Identity theft has become a major problem in America over the last decade. The U.S. Department of Justice identified the average number of U.S. identity fraud victims to be 11,571,900 annually, but the percent of American households that reported these thefts was only 7%. That means most people who have their identities stolen don’t even know about it. Here’s how you can protect yourself and your family before it happens to you.
1. The number one thing you can do to protect yourself is to check your credit report as frequently as possible. If you have the finances, you can check it multiple times throughout the year for a fee. But the law requires you access to one free report per year. Take advantage of that and comb through every inch of it. Check for discrepancies or possible mistakes.
2. Do a complete wallet sweep. Go through and take out anything that may have your social security number on it. Also, remove your passport, birth certificate and credit cards you don’t use very often. Be sure to remove PIN numbers you may be carrying around.

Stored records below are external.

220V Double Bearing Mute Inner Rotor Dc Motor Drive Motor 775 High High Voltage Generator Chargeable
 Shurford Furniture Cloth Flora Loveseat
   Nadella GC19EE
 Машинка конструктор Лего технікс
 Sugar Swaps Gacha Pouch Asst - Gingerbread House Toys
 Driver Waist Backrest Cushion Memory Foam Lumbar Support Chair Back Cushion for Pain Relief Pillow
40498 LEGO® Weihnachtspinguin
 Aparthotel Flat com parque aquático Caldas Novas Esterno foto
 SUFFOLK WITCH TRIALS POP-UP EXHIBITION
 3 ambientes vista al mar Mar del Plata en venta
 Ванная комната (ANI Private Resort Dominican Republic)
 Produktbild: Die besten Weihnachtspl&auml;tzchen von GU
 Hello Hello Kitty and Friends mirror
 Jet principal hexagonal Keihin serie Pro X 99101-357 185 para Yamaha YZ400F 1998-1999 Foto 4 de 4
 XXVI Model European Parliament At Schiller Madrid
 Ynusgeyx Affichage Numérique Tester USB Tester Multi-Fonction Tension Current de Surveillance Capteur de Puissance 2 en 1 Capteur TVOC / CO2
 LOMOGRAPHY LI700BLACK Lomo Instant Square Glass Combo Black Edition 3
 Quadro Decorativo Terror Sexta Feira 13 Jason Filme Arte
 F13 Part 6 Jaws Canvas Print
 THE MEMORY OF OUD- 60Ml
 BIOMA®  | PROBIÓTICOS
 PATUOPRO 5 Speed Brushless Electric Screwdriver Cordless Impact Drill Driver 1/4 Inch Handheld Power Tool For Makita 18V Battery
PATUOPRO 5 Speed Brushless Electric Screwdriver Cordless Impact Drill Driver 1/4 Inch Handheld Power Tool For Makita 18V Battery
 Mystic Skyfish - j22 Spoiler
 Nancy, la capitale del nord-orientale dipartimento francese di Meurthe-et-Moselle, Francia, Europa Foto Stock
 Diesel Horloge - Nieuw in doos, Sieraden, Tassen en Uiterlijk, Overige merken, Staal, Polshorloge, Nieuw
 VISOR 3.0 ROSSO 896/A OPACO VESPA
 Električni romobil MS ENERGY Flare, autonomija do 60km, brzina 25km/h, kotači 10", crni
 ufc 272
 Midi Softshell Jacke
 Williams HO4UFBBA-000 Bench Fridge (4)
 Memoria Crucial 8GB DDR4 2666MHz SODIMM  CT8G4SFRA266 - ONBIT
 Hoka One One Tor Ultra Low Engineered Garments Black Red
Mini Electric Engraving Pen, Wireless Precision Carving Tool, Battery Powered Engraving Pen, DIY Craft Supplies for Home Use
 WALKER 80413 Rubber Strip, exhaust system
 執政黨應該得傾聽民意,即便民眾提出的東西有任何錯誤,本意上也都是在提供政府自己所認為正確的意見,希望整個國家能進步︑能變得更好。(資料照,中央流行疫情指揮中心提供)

3. Buy a shredder and put it to good use. Shred any pre-approved credit card offers you receive. Shred any receipts from old credit cards. Shred any document you no longer need that has even just a stitch of financial or identifying information about you.
4. Take your name and phone number out of local phone directories.
5. If you shop online, be wary of using your credit or debit card to make purchases. If you’re going to continue doing this, it’s best to protect yourself using anti-spyware and anti-malware software programs to protect your sensitive financial and personal information.
6. Beware of any emails of phone calls you may receive from callers that would like to verify or update personal information. Many phishing scammers like to pose as companies like Paypal in order to get you to click on links that take you to fake websites and then collect your information. It’s best to simply decline to give information over the phone and contact the company requesting this information directly. Companies will never ask you to update your personal or financial information over the phone or through email.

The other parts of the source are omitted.